That sucks if they have known all this time and still putting it out there for us. Also seems like instagram is blowing forums away now.


----------



## icerock drywall (Nov 13, 2010)

It should not be our job to figure out. I'm pretty sure they have known for a while. But it just me doing an investigation I'm pretty sure they're upset with me but I don't care I am trying to give my customers the best they can get and it's not a crease in the FF. After getting on Instagram and see all kinds of issues it just does not make sense. We have pushed creaseless FF for a long time and I have found companies and that have been testing for them besides us and there's no issues but they insist not to help us.


----------



## cazna (Mar 28, 2010)

Sounds like a good chance for another company then 

Try our new improved Super Sieve tape, No crease for greater strength, Binds rock solid with the compound for super strong joins. :whistling2:


----------



## VANMAN (Jan 14, 2011)

cazna said:


> Sounds like a good chance for another company then
> 
> Try our new improved Super Sieve tape, No crease for greater strength, Binds rock solid with the compound for super strong joins. :whistling2:


Fit stuff is that Caz?:blink:


----------



## cazna (Mar 28, 2010)

VANMAN said:


> Fit stuff is that Caz?:blink:


I just made it up, Pretended to be another type of fuse, If fibafuse is going to the dogs then HELLO, Other companys, Are you listening.

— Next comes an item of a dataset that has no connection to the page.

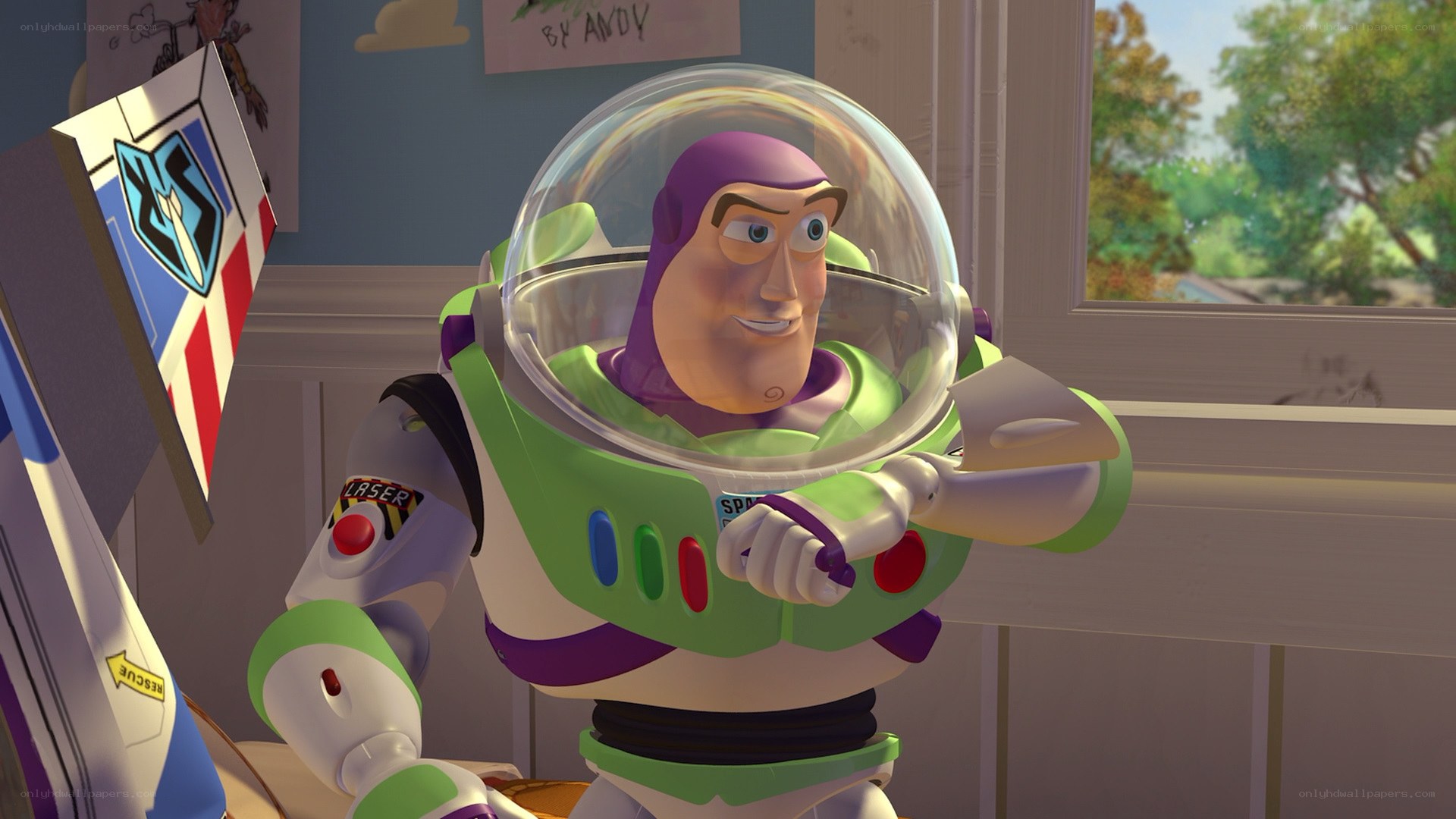 Buzz Lightyear in Andy's room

The board makers here in nz wont endorse fuse, Prob becouse they cant brand it as theres and the company behind fuse is there compition.
Just wondering how global that attitude is, Could be an opening for another company.


----------



## icerock drywall (Nov 13, 2010)

I got the name picked. Fibrebond


----------



## FibaFuse (Feb 25, 2010)

Hi there - we actually received this photo from a FibaFuse user back in June and immediately addressed the issue. We have since made quality improvements and standardizations to our converting process that corrected the issue. Unfortunately there may have been old material out in the market prior to the change. If you received a roll that is not up to quality, please email our product manager directly and we will be happy to replace the roll.

[email protected]

Thanks!


----------



## icerock drywall (Nov 13, 2010)

At least I know now why I had to buy a new banjo. It was fibafuse fat rolls cutting lines through my homax banjo. Well I guess my banjo won't let me use wide rolls.
I would like to say thanks for taking care of the issue and it would have let you known a different way if it wasn't booted off your page. You can ask Myron Ferguson that I am one of your biggest supporters and shown many ways to use FF and change them from using paper. I do hope someday that's someone makes a creaseless fiber tape. Either you or another company reads this post and does it before you.


----------



## VANMAN (Jan 14, 2011)

icerock drywall said:


> At least I know now why I had to buy a new banjo. It was fibafuse fat rolls cutting lines through my homax banjo. Well I guess my banjo won't let me use wide rolls.
> I would like to say thanks for taking care of the issue and it would have let you known a different way if it wasn't booted off your page. You can ask Myron Ferguson that I am one of your biggest supporters and shown many ways to use FF and change them from using paper. I do hope someday that's someone makes a creaseless fiber tape. Either you or another company reads this post and does it before you.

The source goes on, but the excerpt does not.